Antibiotics are amazing medicines that can minimize life’s discomforts and, in more severe cases, be life saving. The fact that antibiotics, when used correctly, are good for you does not mean they are without risks and side effects. Antibiotics typically kill more bacteria in your body than they need to in order to kill the infection, which can lead to stomach upset, yeast infections, and a temporarily weakened immune system. The chemicals in some antibiotics can also be harsh on your system and lead to headaches, stomach trouble, drowsiness, and a host of other minor complaints. If you suffer from a severe reaction to an antibiotic, contact your doctor or pharmacist immediately. If, however, your complaints are more minor, don’t stop taking the antibiotic without the express permission of your doctor. Doing so can lead to a more serious infection. Instead, try these preventative measures to help you avoid suffering antibiotic side effects:
Take a Probiotic
Among the most common antibiotic side effects are yeast infections and intestinal upset. This is because antibiotics kill off some of the good bacteria your body uses to keep itself healthy, which can lead to an overgrowth of intestinal bacteria or a fungal infection. The simplest way to prevent this is to take a probiotic. Try Azo Yeast to prevent yeast infections, or take three acidophilus capsules a day. Both medications help to strengthen the beneficial bacteria in your body, which can help to counteract some of the unpleasant side effects commonly associated with antibiotics.

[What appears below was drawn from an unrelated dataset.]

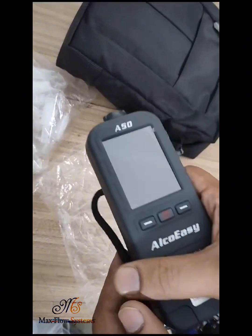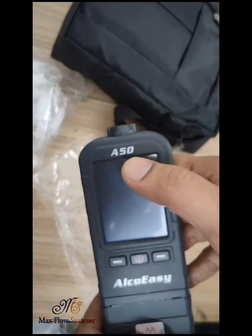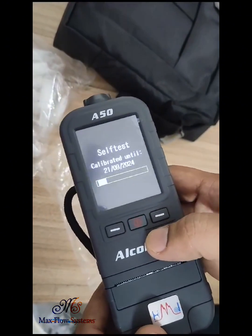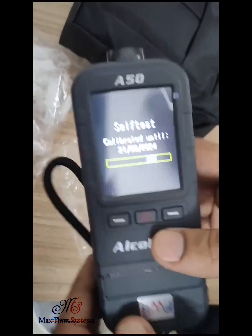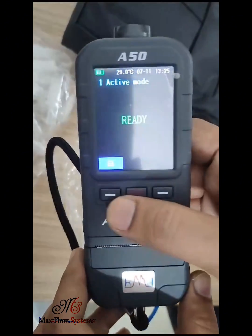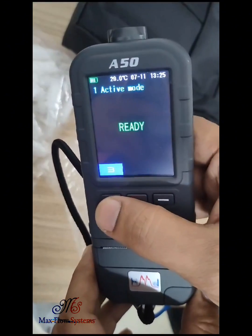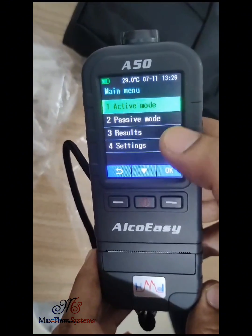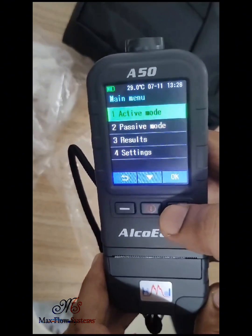Now I will show you how to use the alcohol tester, model number A50. You have to press this button, then click on that button. The menu shows active mode, passive mode, results, and settings. You have to click on active mode.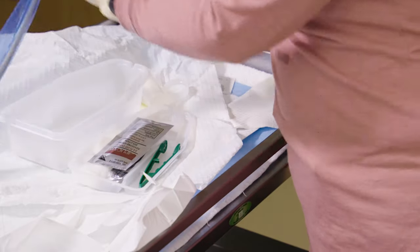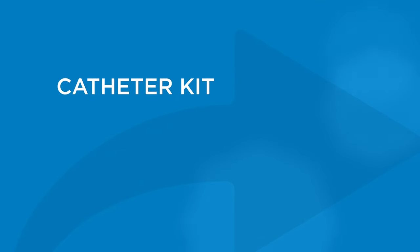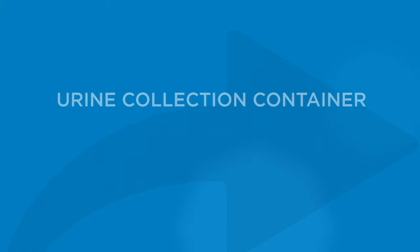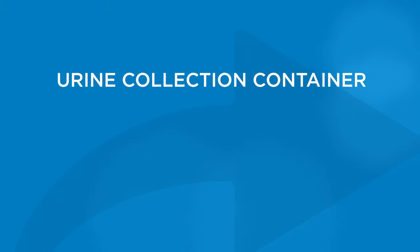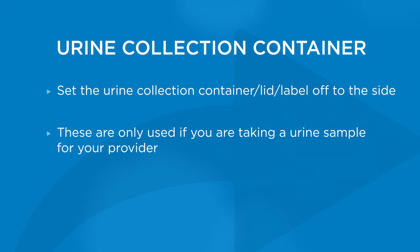Remove the lid of the tray and place the lid directly in front of the tray on your clean work area. When you remove the lid, you'll see a urine collection cup, a lid, a label, and a filled syringe. Remove everything except for the syringe. Set the urine collection container and label off to the side. These will only be used if obtaining a urine sample for your provider.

Yogurt is a natural probiotic, which means eating it when you begin taking an antibiotic can help you avoid yeast infections and intestinal upset. Moreover, yogurt is naturally soothing to your stomach, which means if you’re already feeling nauseous as a result of your antibiotic, yogurt is unlikely to make you throw up.

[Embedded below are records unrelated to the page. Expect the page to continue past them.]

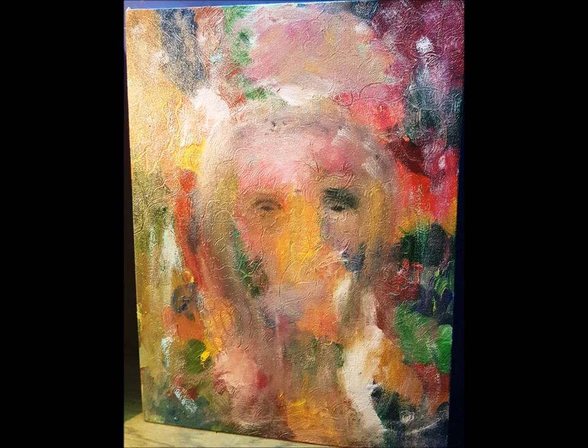The fourth painting is about save life, save heart. The painting is of 10 by 12 inch size and prepared using oil colors. Thank you.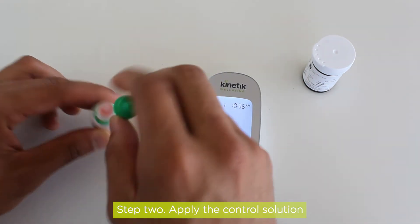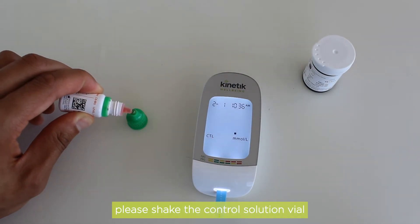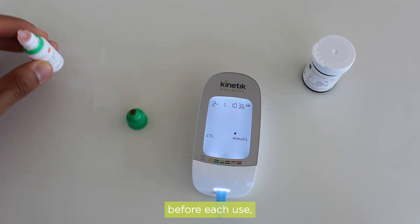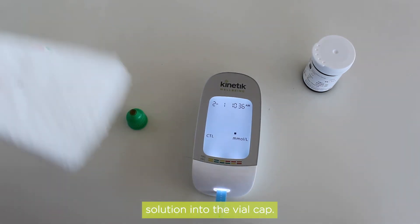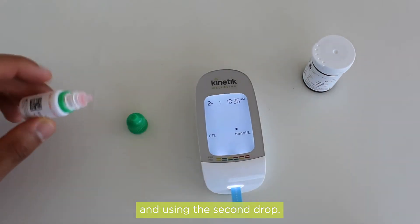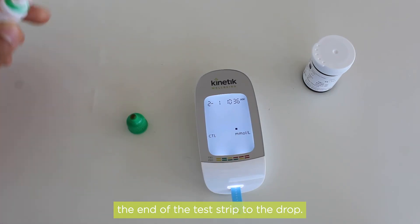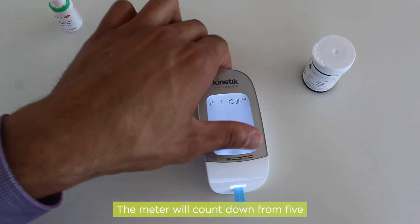Step 2: Apply the control solution. To do so, please shake the control solution vial before each use. Squeeze a drop of control solution into the vial cap. We recommend wiping the first drop and using the second drop. Hold the meter and move the end of the test strip to the drop.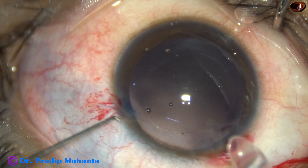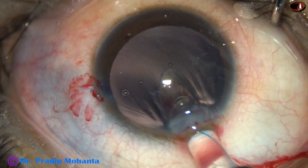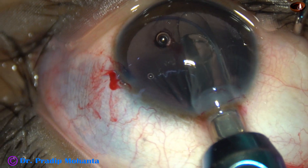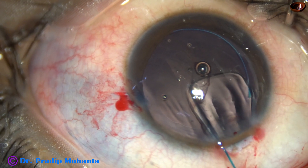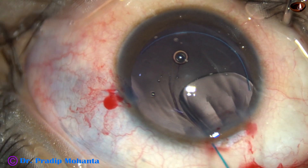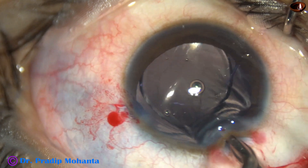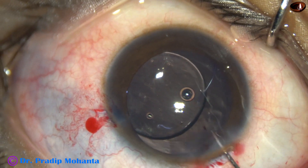The lens is placed in the sulcus. The reason is we may have to exchange this lens later on — if the eyeball becomes bigger or if there is a myopic shift, we may have to change this lens and put another. If the lens is in the sulcus, it is easier to remove. Multipiece lenses are very well tolerated in the sulcus.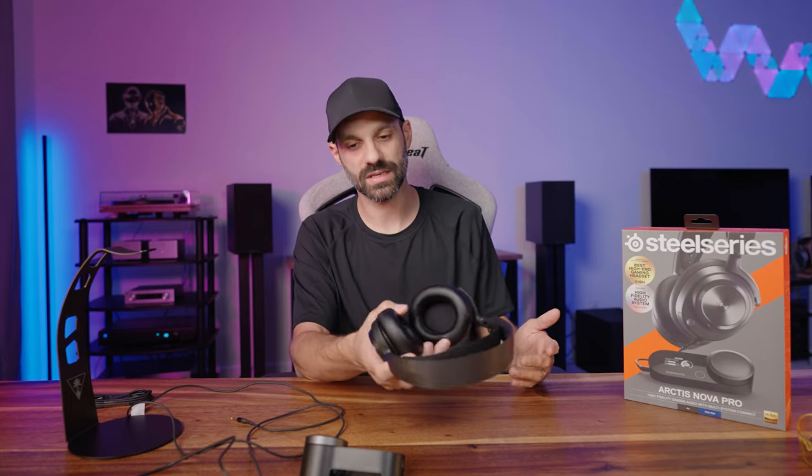Now talking through the Nova Pro wired microphone — the microphone sounds okay. There's not a lot of warmth to it, it's not overly clear, and it has a slight walkie-talkie effect to it. This is what it'll sound like on console — so if you're using this on PlayStation or Xbox, this is what you'll sound like to your friends. It's not class-leading, but I think it's passable.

If you’ve ever had the feeling that a pill you’ve just swallowed is still in your throat, you’re partially right. When we swallow pills, they don’t go directly to our stomach. Rather, they take a while to float down our esophagus. The esophagus isn’t lined with the heavy tissue and acid of the stomach, which means an antibiotic is likely to cause the most damage-especially heartburn and nausea- when you’ve just swallowed it. If you’re taking an antibiotic like clindamycin or erithromycin that tends to irritate the stomach, avoid laying down for thirty minutes after you swallow it. Similarly, drinking an entire glass of water with an antibiotic can work wonders to ensure the pill makes it to your stomach and starts working its magic as soon as possible.
Read the Directions
Doctors and pharmacists are often rushed and overworked, which means they tend to give patients only the most important information. The pamphlet included with your antibiotic may have much more useful information about minimizing side effects. For example, some drugs work best when taken with food, while others should be taken on an empty stomach. Read and follow the directions that come with your antibiotic and you’re less likely to have nasty side effects.
Eat Your Vegetables
If you’re taking an antibiotic, your immune system is temporarily crashing, and the shock of an antibiotic can make things worse for a few days. Consequently, if you’re able to keep food down, it’s vitally important to eat good food. Don’t binge on McDonald’s or cookies. Instead, eat simple foods like fruits and vegetables and avoid salty, processed, or highly acidic foods. Your antibiotic will be more effective on a healthy diet and your stomach will be less likely to revolt in protest. Similarly, you should focus on drinking lots of water. This will help you remain hydrated if the antibiotic makes you sick, and consuming lots of water can help your system flush out infection more quickly.
The side effects of antibiotics can be troubling, but if your doctor has prescribed an antibiotic, keep taking it till it’s gone or until your doctor tells you to stop. When in doubt, or if you are concerned that you may be having an allergic reaction, call your physician immediately!